相关会议纪要和文件不仅是客观形成的,而且是持续几年的多份政府文件,具有不可质疑的政府公信力,否则的话,政府的行政权不可能有效运行。
同时,这些文件与马某2014年8月23日的供述相吻合,该供述中马某说:“2002年的时候,我得知A集团当时正在和B公司谈判购买某铜矿债权资产包的事情。当时某铜矿前后从某银行贷款本金加利息近2亿元。某银行将这些不良贷款及抵押资产剥离到B公司,由B公司处置。但这个铜矿属于老国有企业,历史包袱重、人员安置难以解决,A集团和B公司谈判重组某铜矿的事情谈了一年多,因为没有地方政府的参与,一直没有谈成。”
“我知道这个情况后,我当时有个想法就是应该让旗政府出面协调这件事情,因为解决了职工安置等各种遗留问题、购买某铜矿债权资产包的事情就好解决了。我回到某后旗后,我将知道的这些情况和我的想法给旗政府主要领导做了汇报。旗政府主要领导也同意我的建议,并聘请我作为旗政府顾问参与这件事。”
“大约到了2002年的7、8月份,B公司、A集团、旗政府经过多次沟通,最终达成一致意见,B公司将债权和抵押资产卖给旗政府,然后由旗政府再出售给A集团。由旗政府负责原某铜矿职工安置及小额债务的问题处理。同时报经某自治区政府主席办公会同意,对某铜矿实施破产重组。”

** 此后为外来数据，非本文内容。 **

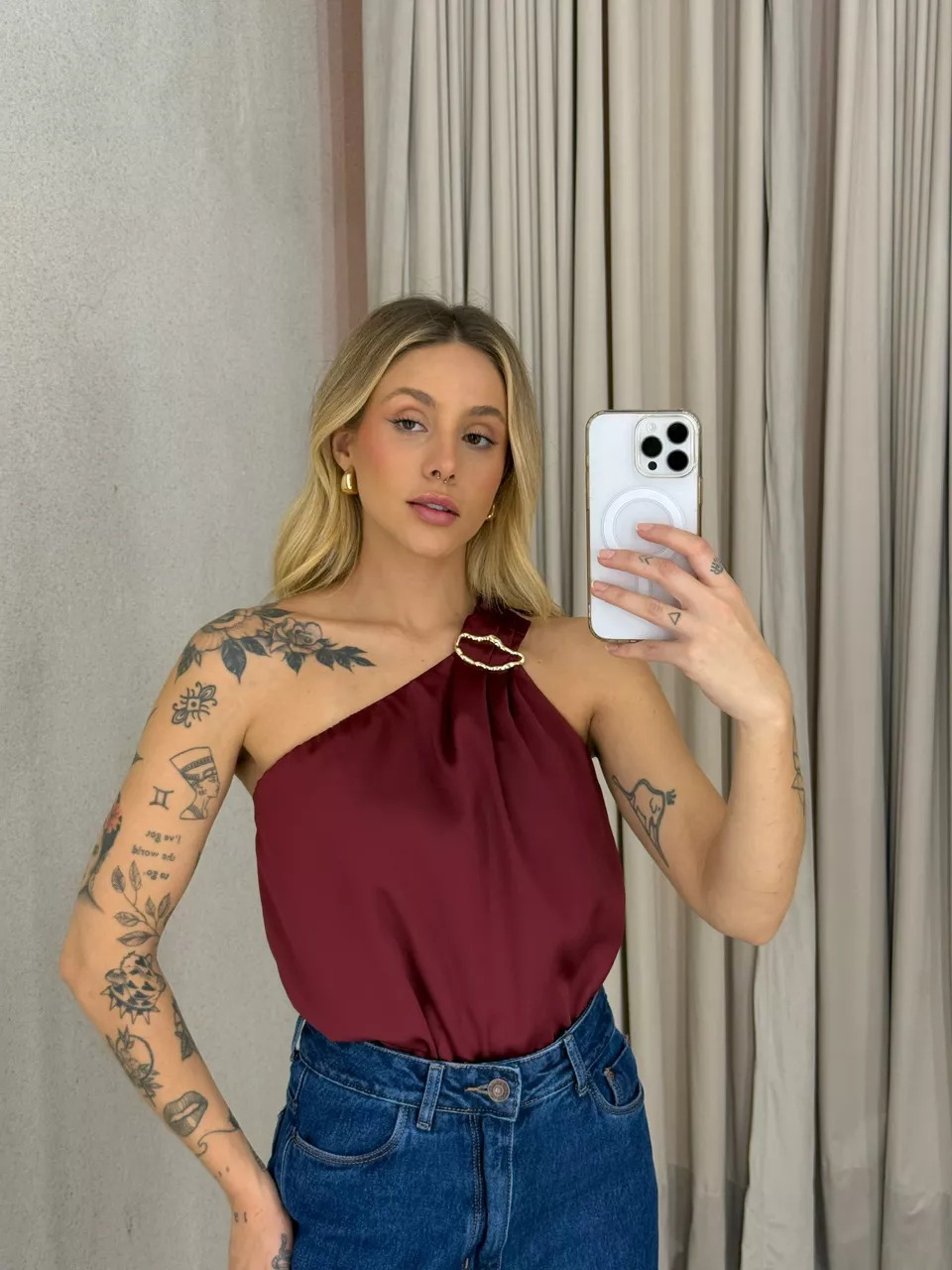 BLUSA HELEN NULA MANGA VINHO - 0063680168 - CAROLLA FERRARO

“2002年9月份,B公司、A集团、某后旗国有资产运营公司正式签订了三方协议,约定某后旗政府以7000万元价格从B公司手中购买某铜矿将近90%的生产经营性资产(即不良贷款和抵押资产),并约定2002年年底前偿还完毕。等某后旗政府解决好原某铜矿职工安置及小额债务的问题后,再将某铜矿资产以1.74亿元价格卖给A集团,由A集团对某铜矿进行再投资,恢复生产。”
以上供述客观地描述了旗政府介入某铜矿改制的过程,就是:A集团与B公司因为某铜矿职工安置和小额债务等历史包袱没有解决,重组某铜矿陷入僵局后,后旗政府介入进来负责职工安置,并以7000万元从B公司购买相关某铜矿的债务,解除某铜矿的人员和债务包袱后,最终以1.74亿元的价格将资产出售给A集团。
在这个马某创意并按此实施的方案中,后旗政府(杜某某)的职责一目了然,就是解决职工安置等历史包袱,为某铜矿重组创造条件,根本不直接参与B公司和A集团的资产重组。
在案的中央某盟委员会组织部(2003)78号任免通知,证明2003年11月12日杜某某正式任职中旗党委书记。国资公司(2003)16号转让债权申请,即将4000万元B公司债权以2000万元转让给C公司,作出日期为2003年12月8日,该报告系国资公司向后旗国资局申请债权转让,且12月8日报告作出时杜某某早已调离后旗。这也证实马某通过债权转让将其左手国资公司的债权倒卖到其右手控制的C公司谋利2000万元时,杜某某已经不在后旗任职,核准该申请的也是后旗国资局,与杜某某的职务无关。
2、B公司三次会议纪要不能作为证据采信
首先,公诉机关不能当庭提供该三次会议纪要的原件,通过庭审调查发现该三份会议纪要存在涉嫌伪造的诸多疑点。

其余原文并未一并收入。